I decided instantly on a little shock therapy. "No!" I
said very emphatically.
"Oh," he responded, "I thought that was the product
you were pushing."
I let him get five steps from the classroom door and then called
out: "Tommy! I don’t think you’ll ever find him, but I am absolutely
certain that He will find you!" He shrugged a little and left my class and my life.
I felt slightly disappointed at the thought that he had missed my
clever line: "He will find you!" At least I thought it was clever. Later I heard
that Tommy had graduated and I was duly grateful.
Then a sad report, I heard that Tommy had terminal cancer. Before I
could search him out, he came to see me. When he walked into my office, his body was very
badly wasted, and the long hair had all fallen out as a result of chemotherapy. But his
eyes were bright and his voice was firm, for the first time, I believe. "Tommy,
I’ve thought about you so often. I hear you are sick!" I blurted out.
"Oh, yes, very sick. I have cancer in both lungs. It’s a
matter of weeks."
"Can you talk about it, Tom?"
"Sure, what would you like to know?"
"What’s it like to be only twenty-four and dying?"

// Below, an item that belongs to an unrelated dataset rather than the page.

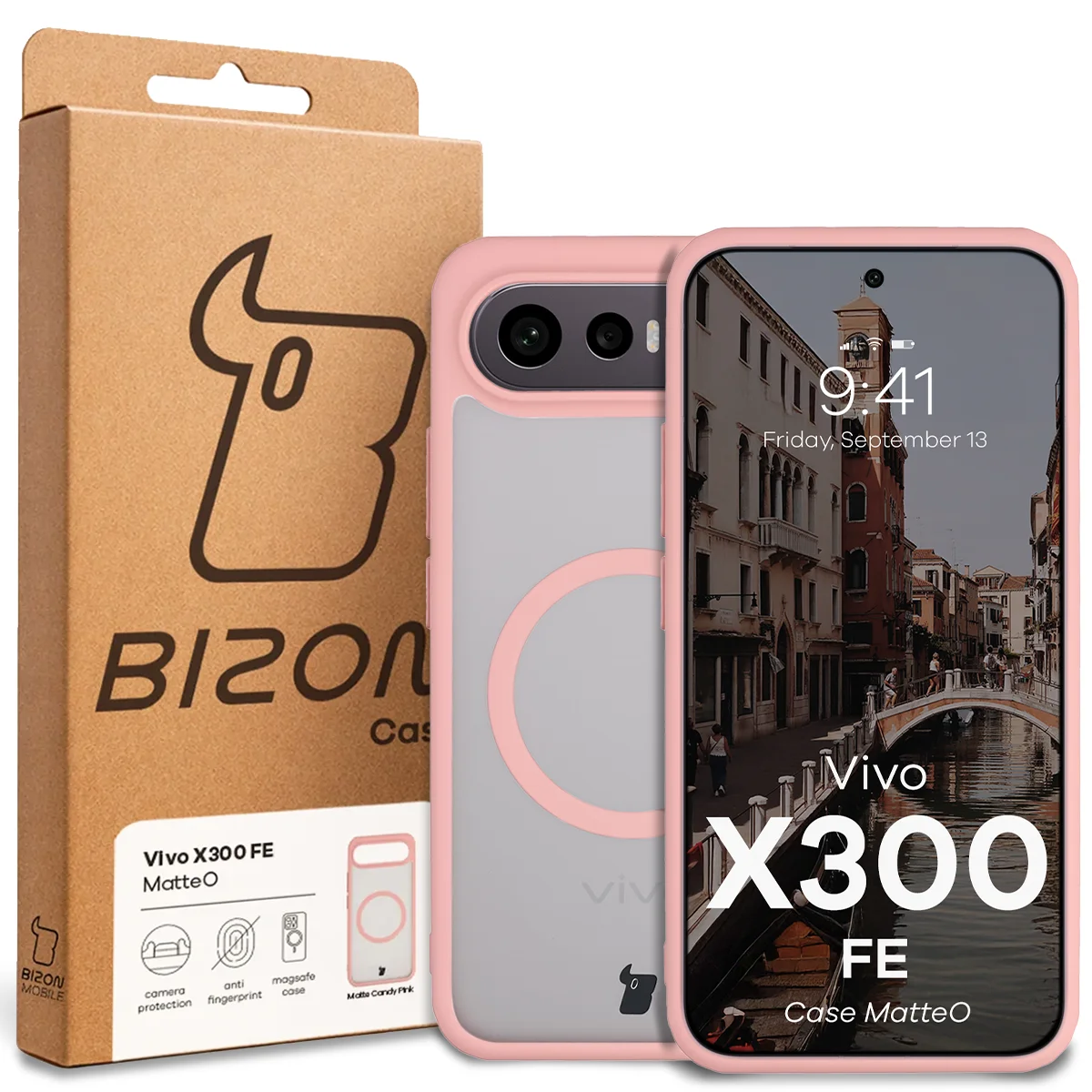 Przód pudełka Bizon Case z dedykowaną etykietą do Vivo X300 FE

"Well, it could be worse."
"Like what?"
"Well, like being fifty and having no values or ideals, like
being fifty and thinking that booze, seducing women, and making money are the real
‘biggies’ in life."
I began to look through my mental file cabinet under "S"
where I had filed Tommy as strange. (It seems as though everybody I try to reject by
classification God sends back into my life to educate me.)

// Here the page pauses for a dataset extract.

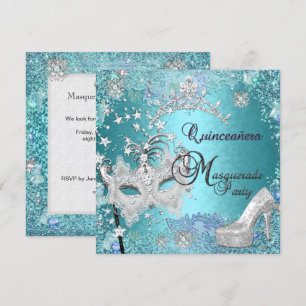 Invitation Masquerade Quinceanera 15e Fête Tiare Bleu Chaussu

But what I really came to see you about," Tom said, " is
something you said to me on the last day of class." (He remembered!) He continued,
"I asked you if you thought I would ever find God and you said, ‘No!’ which
surprised me. Then you said, ‘But he will find you.’ I thought about that a lot,
even though my search for God was hardly intense at that time. (My "clever"
line. He thought about that a lot!) But when the doctors removed a lump from my groin and
told me that it was malignant, then I got serious about locating God. And when the
malignancy spread into my vital organs, I really began banging bloody fists against the
bronze doors of heaven.
But God did not come out. In fact, nothing happened. Did you ever
try anything for a long time with great effort and with no success? You get
psychologically glutted, fed up with trying. And then you quit.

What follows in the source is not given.